The goal of the type-checker and type-inferer is to associate a type with each expression. We therefore need to decide what types we would have. We did that already when we looked at how to implement a type-checker. What is now different is that we need to implement a couple of new types.

One is a “variable” type. This is a type that not known yet, and needs to be determined, or a type that is hidden behind a polymorphic type, that we’ll discuss in a moment. Variable types will simply be indexed 1, 2, 3, …, so they’ll contain an integer in them. We will have a function (new-type) that increments the variable type counter and returns a new variable type, like our store location worked.
The other is polymorphic types. We will elaborate on these later.

(struct numT () #:transparent)
(struct boolT () #:transparent)
(struct unitT () #:transparent)
(struct pairT (t1 t2) #:transparent)
(struct funT (t1 t2) #:transparent)    ;; t1 -> t2
(struct varT (i) #:transparent)     ;; X1, X2, X3
(struct polyT (tvar texpr) #:transparent)

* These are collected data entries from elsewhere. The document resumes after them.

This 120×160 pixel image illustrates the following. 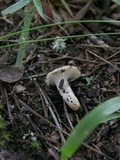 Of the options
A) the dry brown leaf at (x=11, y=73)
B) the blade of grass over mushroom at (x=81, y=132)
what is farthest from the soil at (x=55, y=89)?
the blade of grass over mushroom at (x=81, y=132)

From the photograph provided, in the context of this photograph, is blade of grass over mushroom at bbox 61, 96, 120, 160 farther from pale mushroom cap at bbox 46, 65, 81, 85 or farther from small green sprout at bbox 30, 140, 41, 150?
pale mushroom cap at bbox 46, 65, 81, 85

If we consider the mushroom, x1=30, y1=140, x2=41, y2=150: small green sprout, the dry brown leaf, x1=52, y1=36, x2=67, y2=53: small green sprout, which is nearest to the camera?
x1=30, y1=140, x2=41, y2=150: small green sprout

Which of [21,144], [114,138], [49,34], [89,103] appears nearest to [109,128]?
[114,138]

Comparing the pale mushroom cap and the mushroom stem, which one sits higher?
the pale mushroom cap

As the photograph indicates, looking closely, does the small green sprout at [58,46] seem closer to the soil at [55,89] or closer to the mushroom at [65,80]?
the soil at [55,89]

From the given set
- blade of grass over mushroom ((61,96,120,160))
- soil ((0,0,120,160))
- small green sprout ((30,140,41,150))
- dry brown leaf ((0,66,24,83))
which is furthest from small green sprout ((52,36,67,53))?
blade of grass over mushroom ((61,96,120,160))

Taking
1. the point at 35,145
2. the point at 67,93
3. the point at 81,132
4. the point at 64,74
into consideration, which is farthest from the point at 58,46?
the point at 81,132

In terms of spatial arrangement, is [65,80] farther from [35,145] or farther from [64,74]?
[35,145] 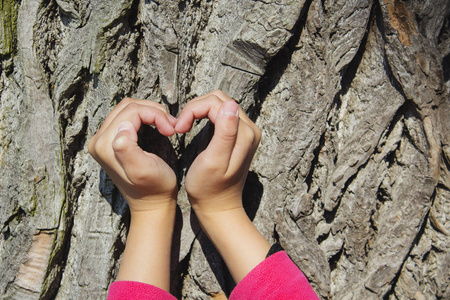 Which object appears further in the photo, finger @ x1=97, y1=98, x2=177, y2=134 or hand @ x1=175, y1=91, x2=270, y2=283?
finger @ x1=97, y1=98, x2=177, y2=134

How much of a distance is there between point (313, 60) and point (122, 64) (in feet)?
2.45

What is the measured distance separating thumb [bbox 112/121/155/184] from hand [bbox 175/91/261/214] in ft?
0.52

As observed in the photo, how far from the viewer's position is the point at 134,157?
1.14 metres

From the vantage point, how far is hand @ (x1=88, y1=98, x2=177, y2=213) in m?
1.15

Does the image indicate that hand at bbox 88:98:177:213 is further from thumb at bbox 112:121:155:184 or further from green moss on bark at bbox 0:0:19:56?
green moss on bark at bbox 0:0:19:56

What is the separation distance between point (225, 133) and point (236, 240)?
396 millimetres

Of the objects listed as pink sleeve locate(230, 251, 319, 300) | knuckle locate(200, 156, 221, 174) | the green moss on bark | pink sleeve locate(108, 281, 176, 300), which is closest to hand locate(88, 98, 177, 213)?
knuckle locate(200, 156, 221, 174)

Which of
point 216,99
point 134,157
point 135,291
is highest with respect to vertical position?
point 216,99

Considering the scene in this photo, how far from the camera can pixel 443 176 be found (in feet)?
4.93

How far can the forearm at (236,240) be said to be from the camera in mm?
1221

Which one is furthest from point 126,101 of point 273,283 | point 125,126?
point 273,283

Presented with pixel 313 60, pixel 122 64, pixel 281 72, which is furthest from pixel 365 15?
pixel 122 64

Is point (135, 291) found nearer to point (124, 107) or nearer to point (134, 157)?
point (134, 157)

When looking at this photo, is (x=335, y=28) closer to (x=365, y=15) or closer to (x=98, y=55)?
(x=365, y=15) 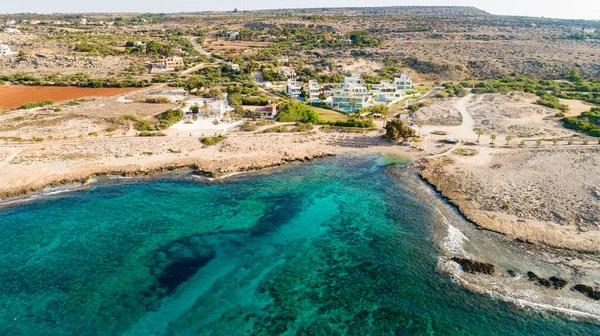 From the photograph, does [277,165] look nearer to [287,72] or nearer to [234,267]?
[234,267]

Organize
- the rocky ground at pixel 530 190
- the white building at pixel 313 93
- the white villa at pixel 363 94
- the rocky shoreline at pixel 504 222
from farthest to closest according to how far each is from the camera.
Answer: the white building at pixel 313 93, the white villa at pixel 363 94, the rocky ground at pixel 530 190, the rocky shoreline at pixel 504 222

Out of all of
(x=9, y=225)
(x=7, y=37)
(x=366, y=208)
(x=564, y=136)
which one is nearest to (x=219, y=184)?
(x=366, y=208)

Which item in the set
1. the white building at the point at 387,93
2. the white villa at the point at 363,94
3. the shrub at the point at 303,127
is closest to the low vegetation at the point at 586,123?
the white building at the point at 387,93

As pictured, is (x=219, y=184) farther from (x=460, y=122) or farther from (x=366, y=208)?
(x=460, y=122)

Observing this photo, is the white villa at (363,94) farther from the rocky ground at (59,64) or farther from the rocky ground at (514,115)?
the rocky ground at (59,64)

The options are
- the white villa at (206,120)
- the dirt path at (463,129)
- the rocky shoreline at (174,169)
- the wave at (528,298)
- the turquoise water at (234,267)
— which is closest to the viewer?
the turquoise water at (234,267) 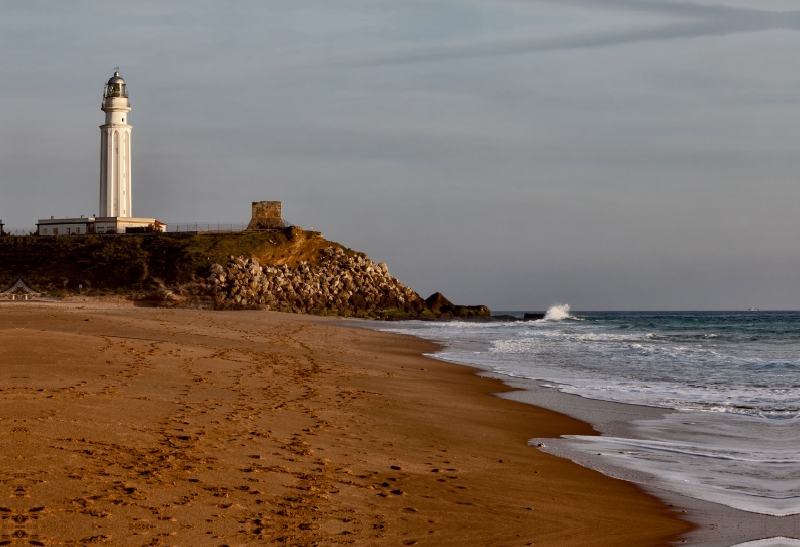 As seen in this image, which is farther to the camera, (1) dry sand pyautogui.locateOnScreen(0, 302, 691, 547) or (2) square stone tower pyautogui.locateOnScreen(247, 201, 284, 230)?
(2) square stone tower pyautogui.locateOnScreen(247, 201, 284, 230)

The main typecheck method is split in two parts:

Constraint generation: This takes as input an expression and a static environment, and it returns a pair of a type and a list of constraints. The type is the computed type of the expression. It’s a concrete type if it can be determined right away, or it’s some sort of variable type otherwise. The constraints are a list of pairs of types, the understanding being that those pairs MUST be equal for the typechecking to succeed. As the constraint generator recursively calls other parts, it collects these constraints together to a total set of constraints. We will use a struct t*c for the return values of the constraint generator.
Unification: The unification process goes through the list of constraints, and tries to solve them, via the process known as “unification”. It basically goes through each pair and either finds a contradiction (a numT that’s supposed to also be a boolT) or it learns a new correspondence (this varT 5 is supposed to be a boolT) and then uses that substitution in the rest of the constraints.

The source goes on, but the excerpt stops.